Good job dude! You've been soaking in information for quite a while, glad it payed off! How did you like the fight?


----------



## DAWGONIT (Jan 16, 2009)

WTG! Great eats for sure.
Thanks for sharing report & pics.
catch 'em up.


----------



## bowdiddly (Jan 6, 2010)

James and his staff at Broxson's go the extra mile. He would be glad you posted your experience.

Great fish.


----------



## tkh329 (Mar 14, 2012)

Looks incredible! Always great to hear positive stuff. I'll have to check out Broxson's!


----------



## Illinijeff (Mar 28, 2011)

Austin it was badass to say the least. Great fight pretty cool watching him just rip drag from the 706.


----------



## Randall2point0 (Feb 11, 2011)

Wirelessly posted

The important thing here is what's on the kabobs. Lol looks good!


----------



## damnifino3 (Sep 23, 2012)

Nice catch...and I agree with the service at Broxsons. What a great experience all around.

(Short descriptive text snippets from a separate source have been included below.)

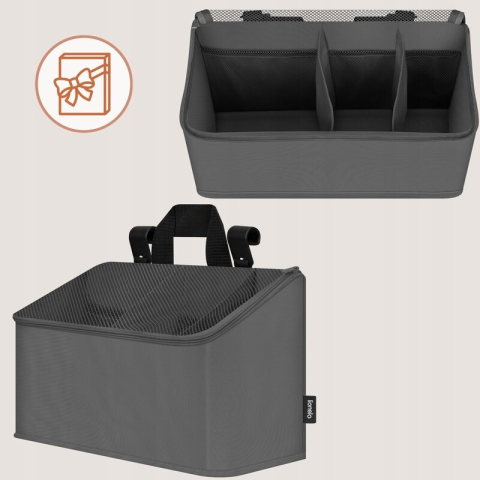 Organizator multifunctional, Lionelo, Sidepocket M, 43x15x23 cm, 3 compartimente, Universal, Constructie ranforsata, Gri [3]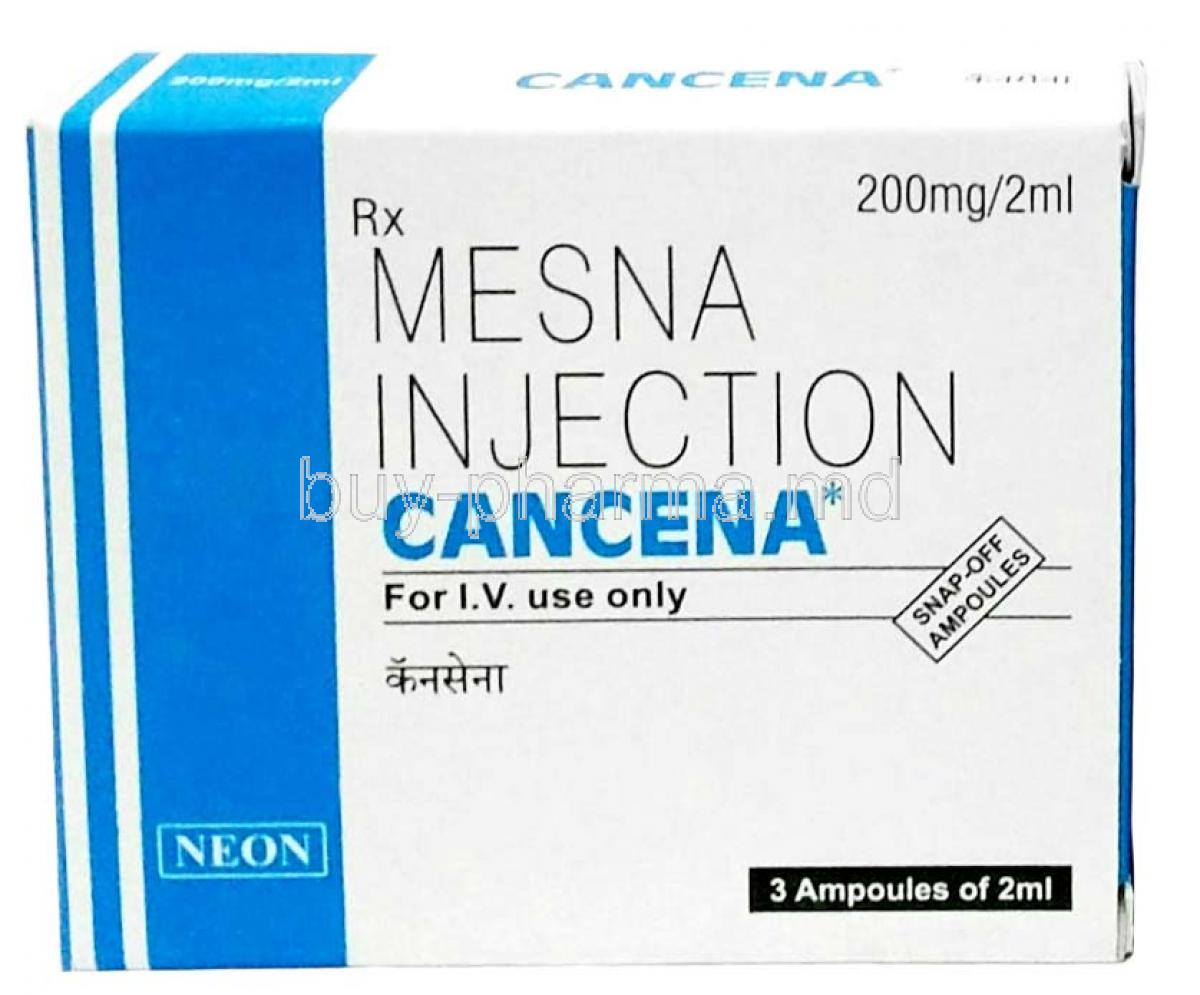 Cancena Injection, Mesna 200mg, 3Ampoules, Neon Laboratories, Box front view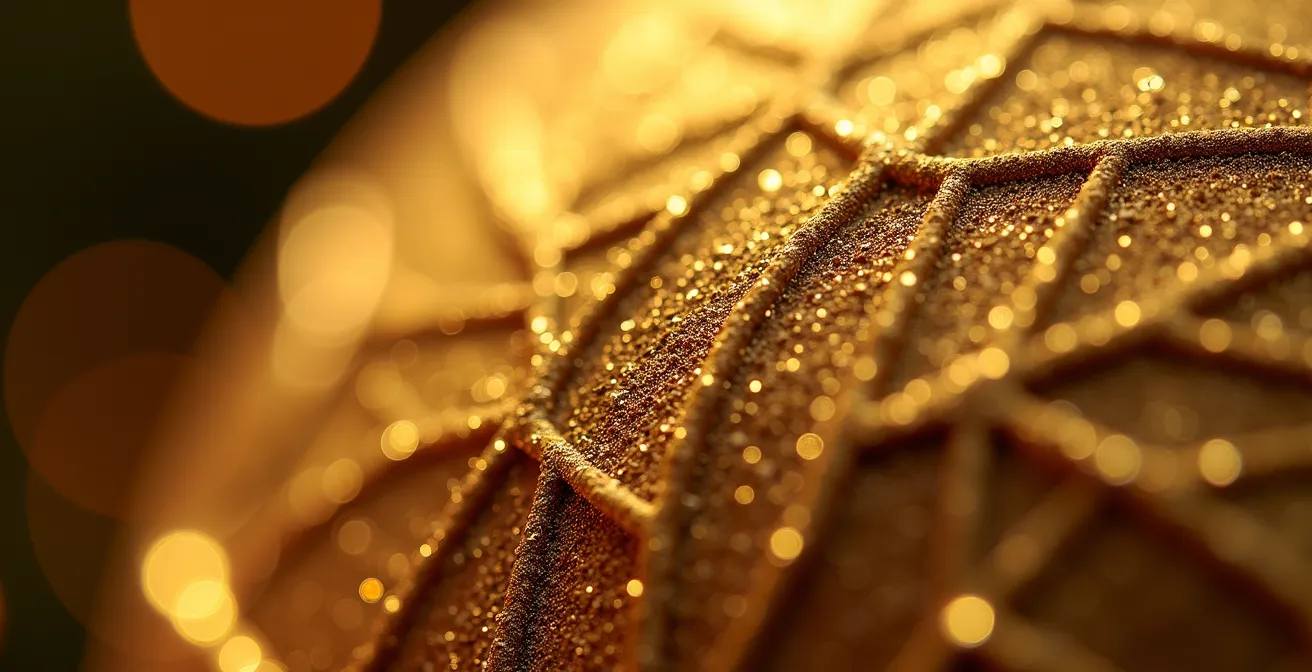 Texture dorée d'une décoration de Noël en très gros plan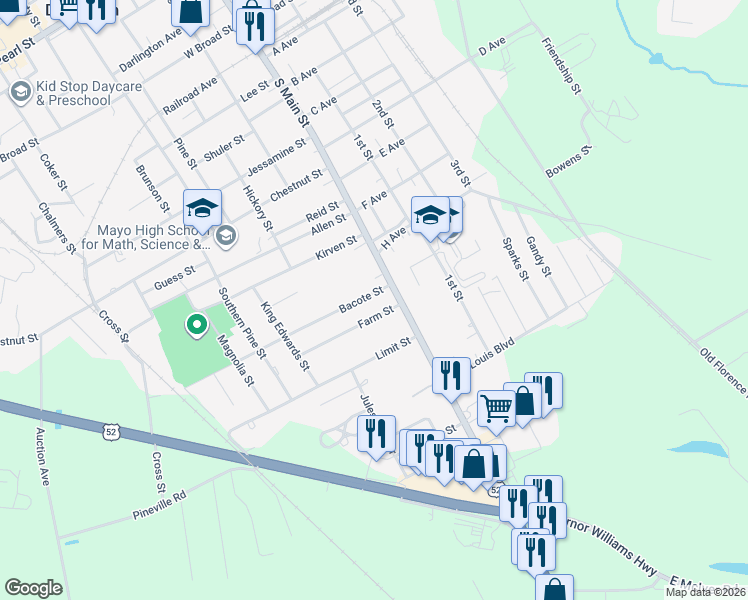 map of restaurants, bars, coffee shops, grocery stores, and more near 107 Bacote Street in Darlington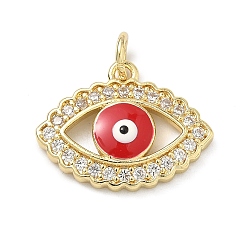 Красный Латунные микро проложить кубического циркония подвески, с эмалью, Злые чары глаз, долговечный, стойки покрытие, без свинца и без кадмия, реальный 18 k позолоченный, красные, 14x18.5x3.5 мм, отверстие : 3 мм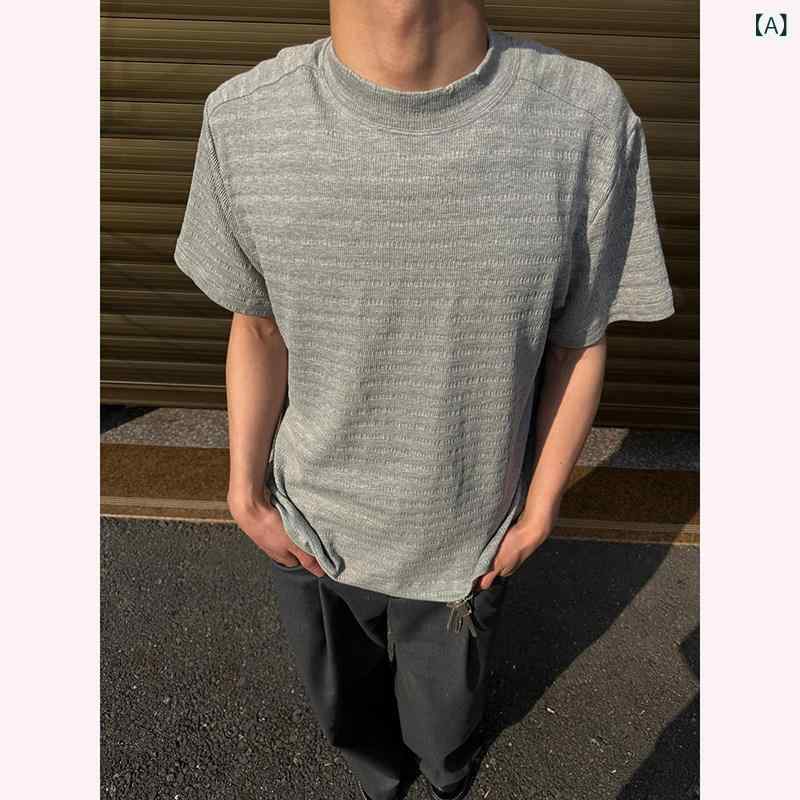 メンズ 短袖 Tシャツ トップス ライトグレー ニット素材 高級感 夏用 カジュアル フィット 肌触り 質感 伸縮性 吸湿速乾 軽量 グレー系 普段使い アウトドア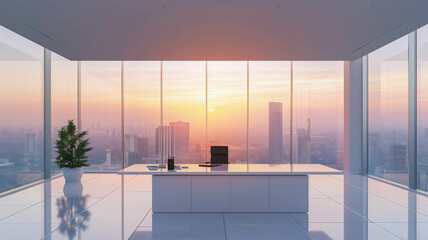 Wall Mural - A sleek, minimalist office space with white walls, a large desk, and floor-to-ceiling windows showcasing a skyline at sunset. Ai generated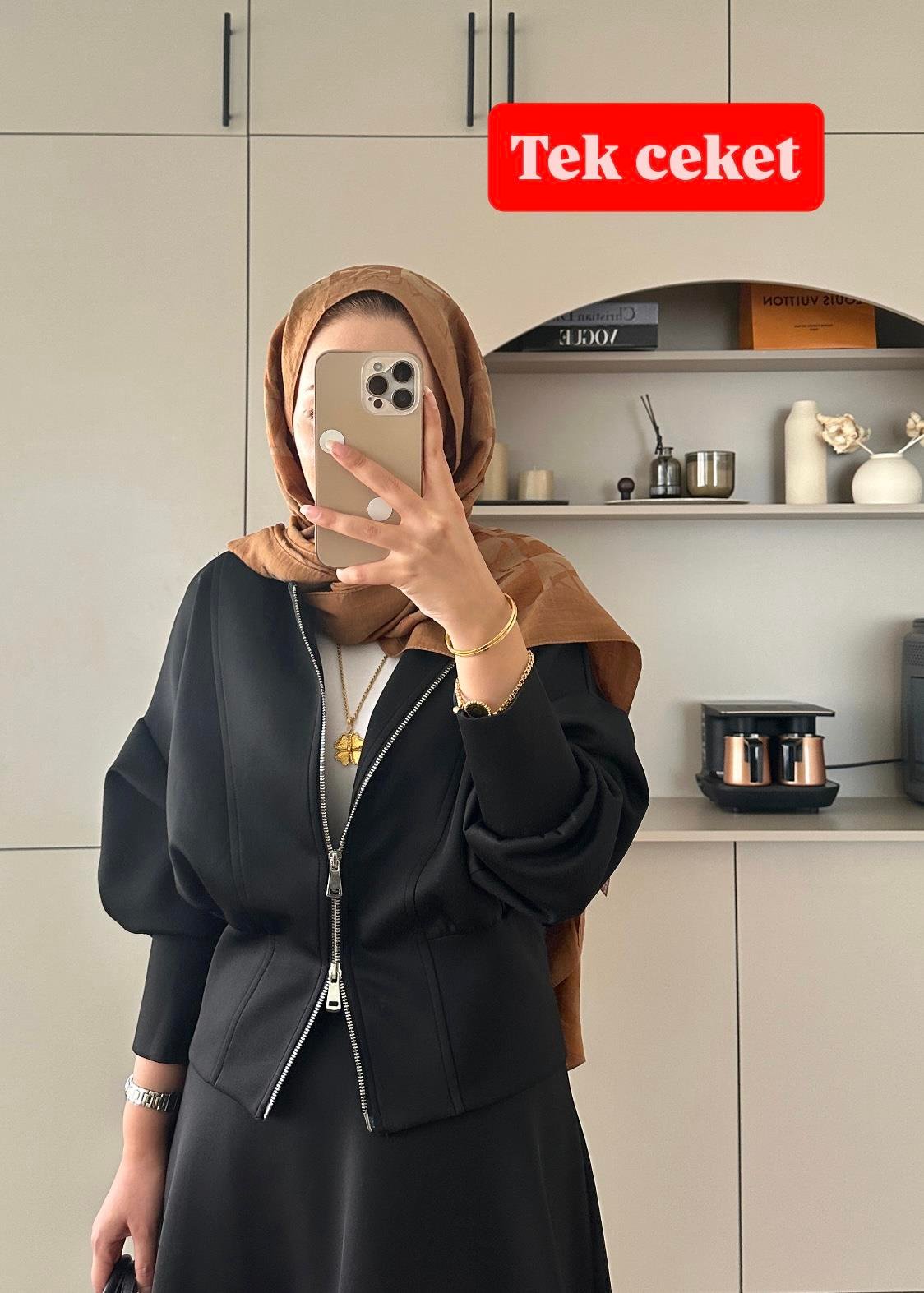 Fermuarlı Scuba Ceket Siyah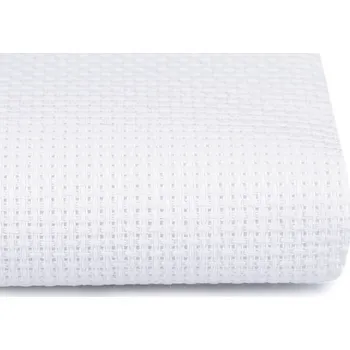 Kanava Vyšívací tkanina Kanava šíře 140 cm 54 oček, barva 1 bílá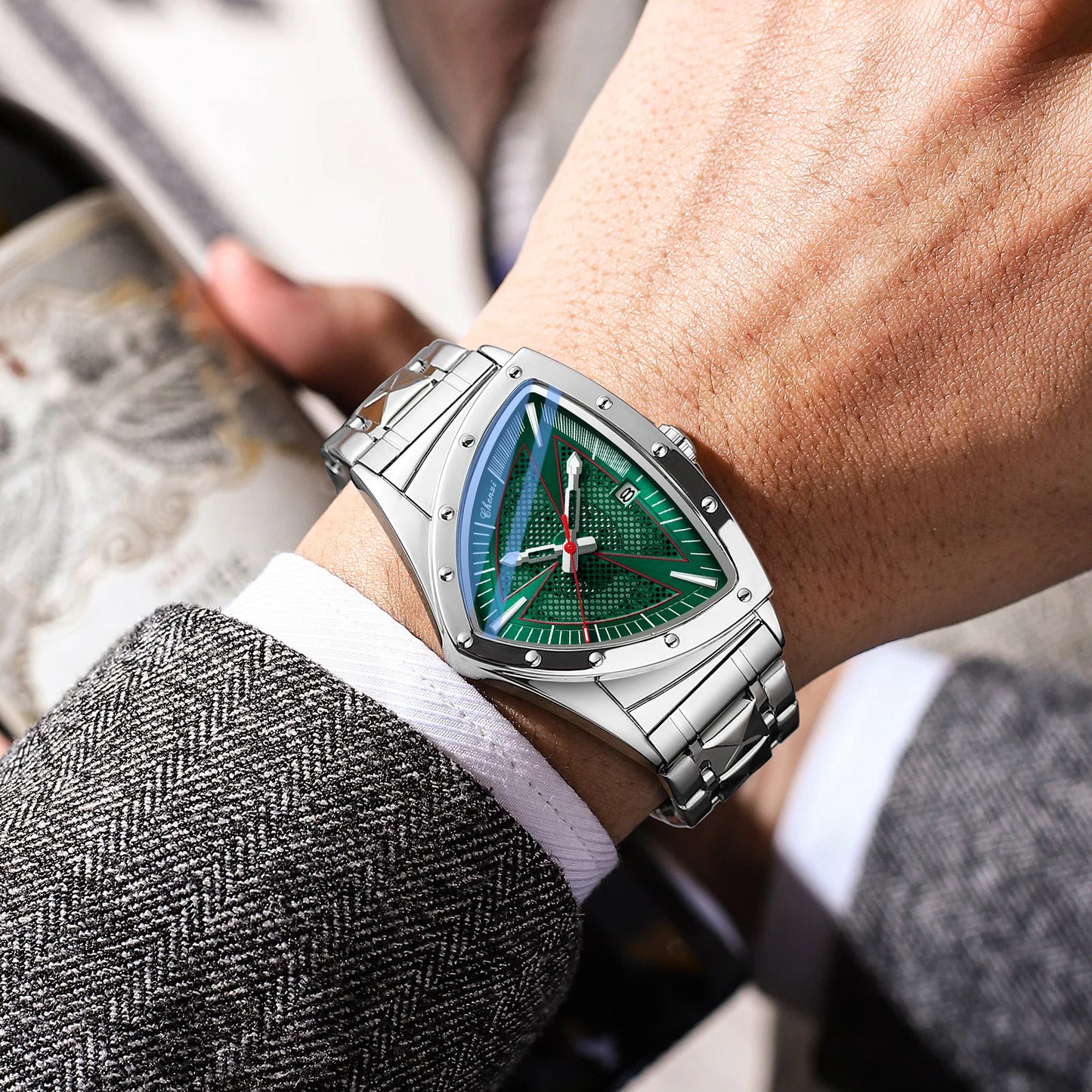 CHENXI Business Man Watch Unique Triangular Dial Luxury Luminous Quartz Waterproof Men's Watches Stainless Steel Strap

Sent from my SAMSUNG-SGH-I777 using Forum Runner


----------



## Boat-Dude (Sep 24, 2011)

Congratulations on your first kind dude!!! The guys at Broxson's are some great guys and very helpful, their new store looks great. Keep catching kings and posting pictures. :thumbsup:


----------



## PAWGhunter (Feb 3, 2010)

Nice one!!!


----------



## L Hull (Jan 19, 2011)

Nice catch, I'm envious. lol


----------



## Linda (Oct 2, 2007)

Congrats!!


----------



## Rofhnald (Jun 6, 2013)

nice fish it even look better on the grill


----------



## Mullethead (Oct 4, 2007)

Congrats with a nice first King, hope its the first of many.....
And the class act for plugging good customer service


----------